According to BW 166 LLC, a market research firm that provides insight into and analysis of the overall beverage alcohol trade, at $3.3 billion in wine sales the value of the U.S. domestic wine industry was unchanged from June 2017-2018 (California represents at least 90% of the U.S. wine industry). Another part of the analysis showed Direct-to-Consumer (DtC) sales over the same period at $132 million, a 12% increase .
Flatness in retail wine sales could be generational (Baby Boomers leaving and Millennials lacking funds), or it could be just a general pattern of business ebbing and flowing, but, as some have been suggesting, could it be cannabis?
In fact, the latest report from the cannabis delivery service company, Eaze indicates there may be reason to believe cannabis is not a threat to wine, at least not just yet. The report is based on path-to-purchase research conducted by Marketview Research online, which surveyed a random sample of 1,500 California and Colorado resident males and females 21 and over who have used cannabis in the past 30 days (a survey was also conducted among a separate sample of adults made up entirely of Eaze customers).
In its report regarding the survey, Eaze cites a May 2018 New Frontier data report: “California’s legal adult use cannabis market — the world’s largest — is eight months old, but first quarter sales and tax revenues were lower than forecast.”

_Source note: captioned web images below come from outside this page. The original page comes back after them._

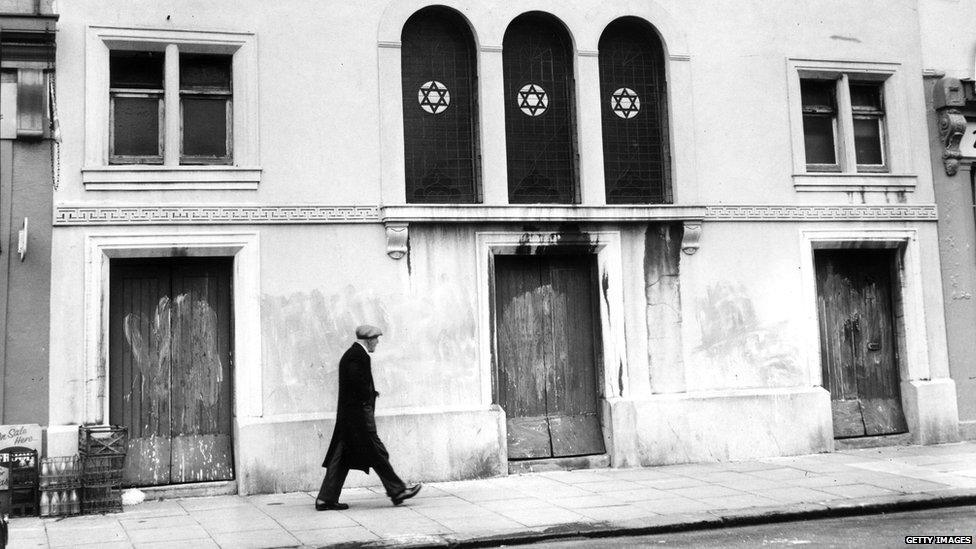 Man walking in front of a synagogue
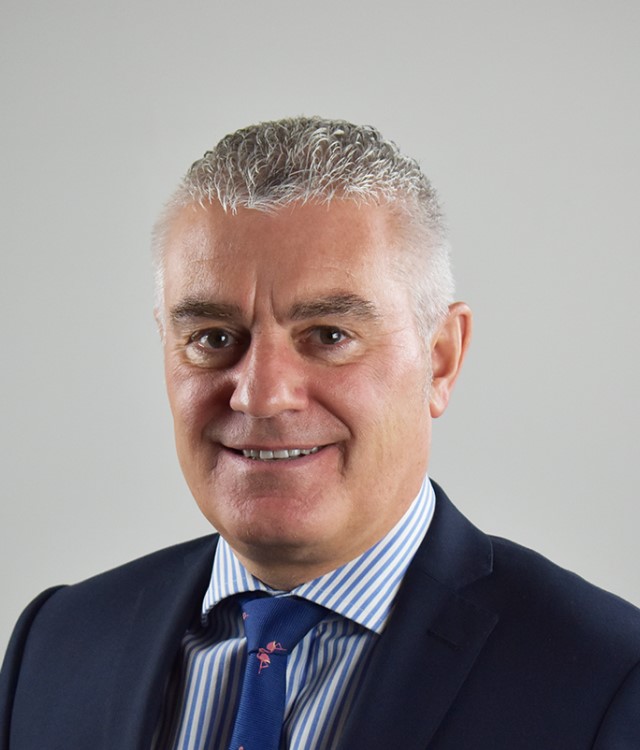 Man in suit smiles at camera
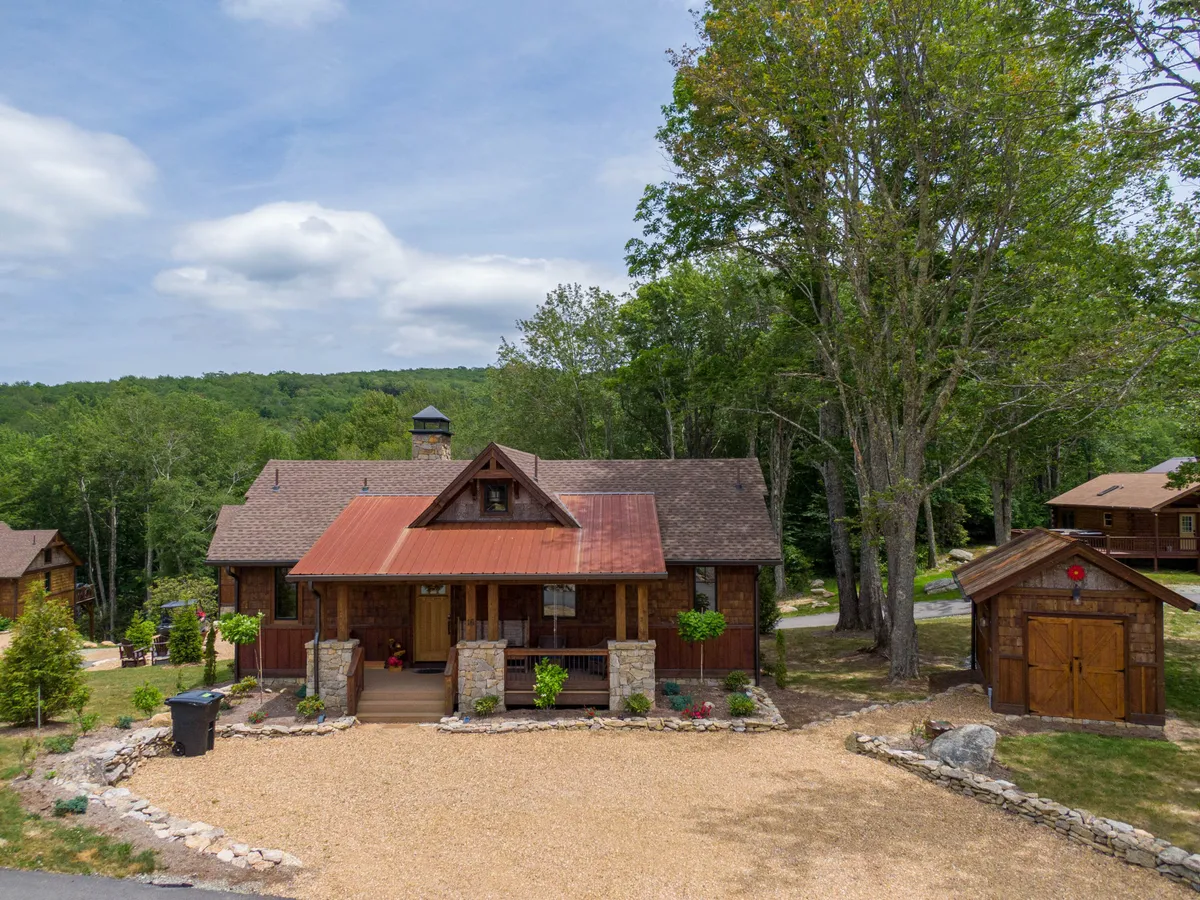 A warm, inviting view of a wooden house with a red roof, surrounded by grand trees and a stone pathway leading to the porch. The setting hints at both privacy and proximity to the natural amenities, with areas for family gatherings and easy access to the outdoors.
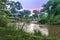 Sunrise view of Ishasha river, with trees growing and the reflections on the water, Queen Elizabeth National Park, Ishasha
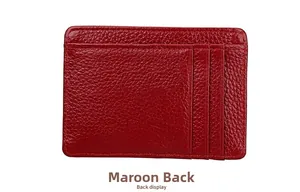 Detail of burgundy leather RFID wallet back with three card slots and lychee texture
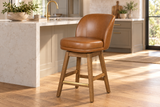 Brown Upholstered Swivel Bar Stool with Curved Back, Natural Wood Frame & Gold-Tone Footrest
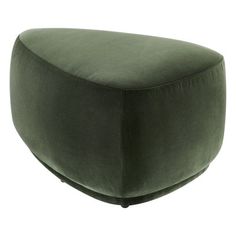 a large green ottoman sitting on top of a white floor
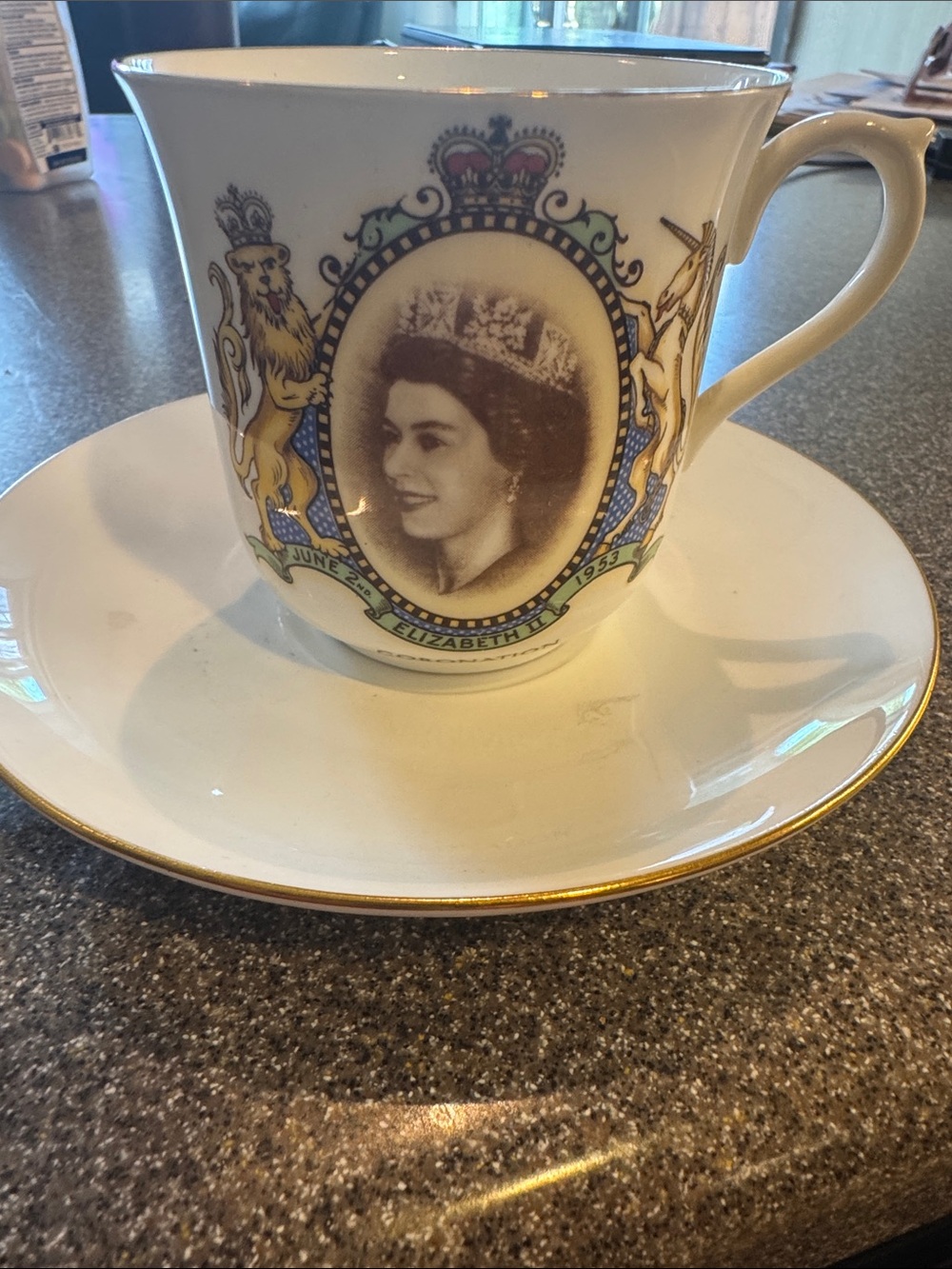 Queen Elizabeth Commemorative White and Gold Porcelain Tea Cup and Saucer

Based on tax revenues from cannabis, New Frontier reduced California cannabis 2018 sales projections from $3.8 billion to $1.9 billion, and instead of a previously projected $6.7 billion by 2025, the new figure for seven years hence is $4.72 billion in legal sales.
According to Eaze, however, “While California voters approved cannabis state-wide, many local governments currently restrict access via local laws or regulations, which has driven a significant portion of consumers to purchase from unlicensed sources.” Eaze claims local laws have driven 1 in 6 cannabis consumers to the illicit market.
The survey shows that about 17% of residents have purchased from unlicensed businesses in the past three months and 84% of them are likely to buy from the same place again in the future. These consumers give price, taxes, unlimited operating hours and no regulations as their reasons for buying on the illicit market. Almost 25% of them indicate it would take at least a 5% decrease in overall taxes to bring them into the legal market. On the other hand, a tax increase of 5% will remove at least 32% of present cannabis consumers from the legal market.
Comparing California to Colorado Eaze says, “Colorado’s cannabis marketplace has had years to mature and consumers are generally compliant and satisfied with the legal market. Comparing Colorado’s market with the largest legal cannabis market, California, finds consumers that share motivations and frustrations like product price, quality, and convenience—but only 5% of Colorado consumers indicate they purchase most often from an unlicensed source…”
Another difference between the California and Colorado cannabis experience is DtC. Cannabis deliveries are legal in California (Eaze delivers across the state). Cannabis deliveries are not legal in Colorado. Still, Eaze says about 17% of Colorado cannabis consumers claim to have used a delivery service in the past three months.
This survey provides no distinct insight into the question whether or not legal cannabis has an effect on wine sales. It’s more likely that flattening wine sales stems from some other problem: maybe it’s price (especially in restaurants), marketing or consumer lifestyle changes; or maybe, as it is with legal cannabis, it’s regulation that restricts access.
We recently reported on the Wine & Spirits Wholesalers of America’s play to become sole distributors of cannabis, using the three tier alcohol regulation system as a model. But it just might be that the future for wine and cannabis are connected with direct delivery access, DtC.